Coding a murderer
Discover how algorithms put serial killers at the centre of the map – Tamsin Oxford investigates the Murder Accountability Project
How the Murder Accountability Project is helping to catch killers
One journalist, a story on prostitution, a passion for open source software, and an old yet powerful database led to the creation of the Murder Accountability Project (MAP, www.murderdata. org). The MAP involves finding serial killers, preventing murders and connecting the statistical dots. It’s also a project that has a fascinating back story.
Thomas Hargrove – the journalist – had purchased a Uniform Crime Report from the University of Missouri while doing research on a story about prostitution in 2004. The university threw in the Supplemental Homicide Report at no extra cost, and this free, data-heavy document changed the course of Thomas’s life.
“The document contained row after row of information about individual murders that covered everything from the month, the year the murder happened, and the jurisdiction,” says Thomas. “The file also contained data around the age, sex, method of killing, race and the police theory around the killing, plus the offender’s details if the information was available.
“The moment I saw this file I was asking myself one very important question: would it be possible to use this data to teach a computer to detect serial murders?,” he continues. “Could I use open source tools to build a platform that enables people to access this data and understand it in ways that allow for these murders to be solved more effectively?”

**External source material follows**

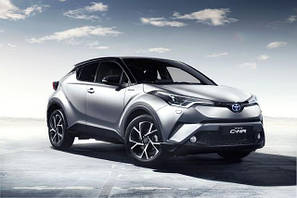 Toyota C-HR 2017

Today, MAP is a viable open source, non-profit organisation with an algorithm that is ‘capable of detecting serial killers who target multiple victims using similar methods of killing within a specific geographic region’. The platform takes a depressingly endless list of violent deaths and transforms it into a visual tool that highlights patterns and trends which may have been previously undetected by the FBI or the police. It also neatly helps to solve one of the biggest challenges facing police detectives – ‘linkage blindness’ – where they don’t recognise the link between one case and another, or that there may be a common offender involved. It’s understandable: different people working different cases reported in different ways would make it hard to pick up similarities. It’s something MAP can support detectives in overcoming, because it connects the data dots to create visual patterns and highlight similarities.
The project has undergone several iterations since Thomas first held the data in his hands back in 2004. It wasn’t easy finding the algorithm and teaching the code to translate the data in meaningful ways. Today, MAP has evolved thanks to inventive code, determined development and a passion for solving the unsolved…

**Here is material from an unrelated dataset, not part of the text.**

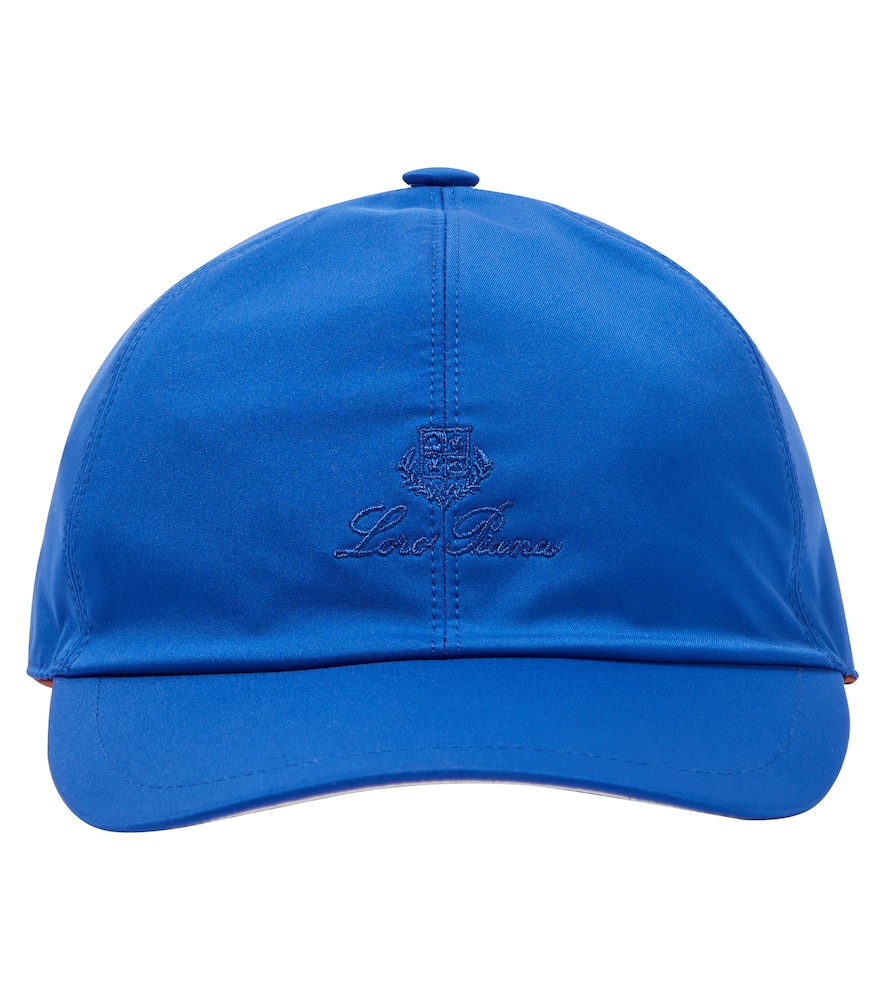 Loro Piana Kids Baseball cap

once Thomas discovered the data in 2004 he spent the next six years trying to persuade his editor to allow him to test his theory. He knew that the information that the university had given him could be used to refine and resolve murders, he just needed the time and the budget. After years of pushing the right buttons he finally got the chance to use the data while working on a project known as Murder Mysteries in 2010.
The project won awards and raised just the right amount of awareness to allow for Thomas to take his work to the next level. The University of Missouri offered him the support of a talented Masters candidate, Liz Lucas, and so started the hunt for the perfect algorithm.
“We found hundreds of things that didn’t work,” says Hargrove. “We tested to see if an elevated rate of murders would indicate the presence of a serial killer, and it failed. We tested to see if there was an elevated rate of female murders, and this didn’t deliver results. We tested to see if there was an elevated rate of murder for a particular type, such as strangulation, and this was also a no.”
The team tried a lot of variations, but ultimately it was a serial killer who taught them what would work: the green River Killer, gary Ridgeway. He had left a series of bodies behind him as one of the most prolific killers in the United States. He strangled 49 women before he was caught and confessed to the crimes.
“We knew there had been a serial killer in Seattle and we wanted to know if we could craft a computer program that would alert us to this pattern in Seattle at that time,” says Hargrove. “We tried all these different combinations to see if Seattle would appear and nothing worked. Then we tried the rates of unsolved murders, which also didn’t really impact on the results. Finally, what worked was cluster analysis.”
It was a blend of the victim’s gender, location and method of murder that finally worked. originally, the data used age, but this metric has been subsequently discarded because it had a minimal impact on results. The murders were then allocated a murder group number based on these four categories and the system used this structure to create around 100,000 groups.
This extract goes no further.